**Action item**
Every record, from the first line to the last, needs to be given again exactly.

(Data items)
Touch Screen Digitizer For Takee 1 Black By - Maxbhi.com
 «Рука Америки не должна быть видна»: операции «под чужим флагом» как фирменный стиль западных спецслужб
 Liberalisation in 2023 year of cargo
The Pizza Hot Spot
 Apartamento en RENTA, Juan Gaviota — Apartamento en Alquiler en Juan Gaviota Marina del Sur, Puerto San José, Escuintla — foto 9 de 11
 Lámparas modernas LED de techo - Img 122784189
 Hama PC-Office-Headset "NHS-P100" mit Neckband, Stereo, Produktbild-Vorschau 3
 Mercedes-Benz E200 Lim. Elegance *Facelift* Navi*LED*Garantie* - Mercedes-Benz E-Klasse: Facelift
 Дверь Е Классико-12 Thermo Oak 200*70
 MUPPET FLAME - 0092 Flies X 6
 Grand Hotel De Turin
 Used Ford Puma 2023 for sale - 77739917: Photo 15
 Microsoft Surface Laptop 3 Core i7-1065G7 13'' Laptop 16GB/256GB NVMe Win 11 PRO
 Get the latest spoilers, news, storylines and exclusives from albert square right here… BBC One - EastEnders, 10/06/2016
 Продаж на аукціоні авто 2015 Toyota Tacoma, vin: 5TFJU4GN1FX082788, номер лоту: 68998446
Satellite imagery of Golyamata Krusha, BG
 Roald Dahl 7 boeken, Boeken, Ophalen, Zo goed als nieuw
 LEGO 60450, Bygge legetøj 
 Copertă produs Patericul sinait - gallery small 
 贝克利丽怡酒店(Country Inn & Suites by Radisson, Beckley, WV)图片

**Answer to this problem**
Touch Screen Digitizer For Takee 1 Black By - Maxbhi.com
 «Рука Америки не должна быть видна»: операции «под чужим флагом» как фирменный стиль западных спецслужб
 Liberalisation in 2023 year of cargo
The Pizza Hot Spot
 Apartamento en RENTA, Juan Gaviota — Apartamento en Alquiler en Juan Gaviota Marina del Sur, Puerto San José, Escuintla — foto 9 de 11
 Lámparas modernas LED de techo - Img 122784189
 Hama PC-Office-Headset "NHS-P100" mit Neckband, Stereo, Produktbild-Vorschau 3
 Mercedes-Benz E200 Lim. Elegance *Facelift* Navi*LED*Garantie* - Mercedes-Benz E-Klasse: Facelift
 Дверь Е Классико-12 Thermo Oak 200*70
 MUPPET FLAME - 0092 Flies X 6
 Grand Hotel De Turin
 Used Ford Puma 2023 for sale - 77739917: Photo 15
 Microsoft Surface Laptop 3 Core i7-1065G7 13'' Laptop 16GB/256GB NVMe Win 11 PRO
 Get the latest spoilers, news, storylines and exclusives from albert square right here… BBC One - EastEnders, 10/06/2016
 Продаж на аукціоні авто 2015 Toyota Tacoma, vin: 5TFJU4GN1FX082788, номер лоту: 68998446
Satellite imagery of Golyamata Krusha, BG
 Roald Dahl 7 boeken, Boeken, Ophalen, Zo goed als nieuw
 LEGO 60450, Bygge legetøj 
 Copertă produs Patericul sinait - gallery small 
 贝克利丽怡酒店(Country Inn & Suites by Radisson, Beckley, WV)图片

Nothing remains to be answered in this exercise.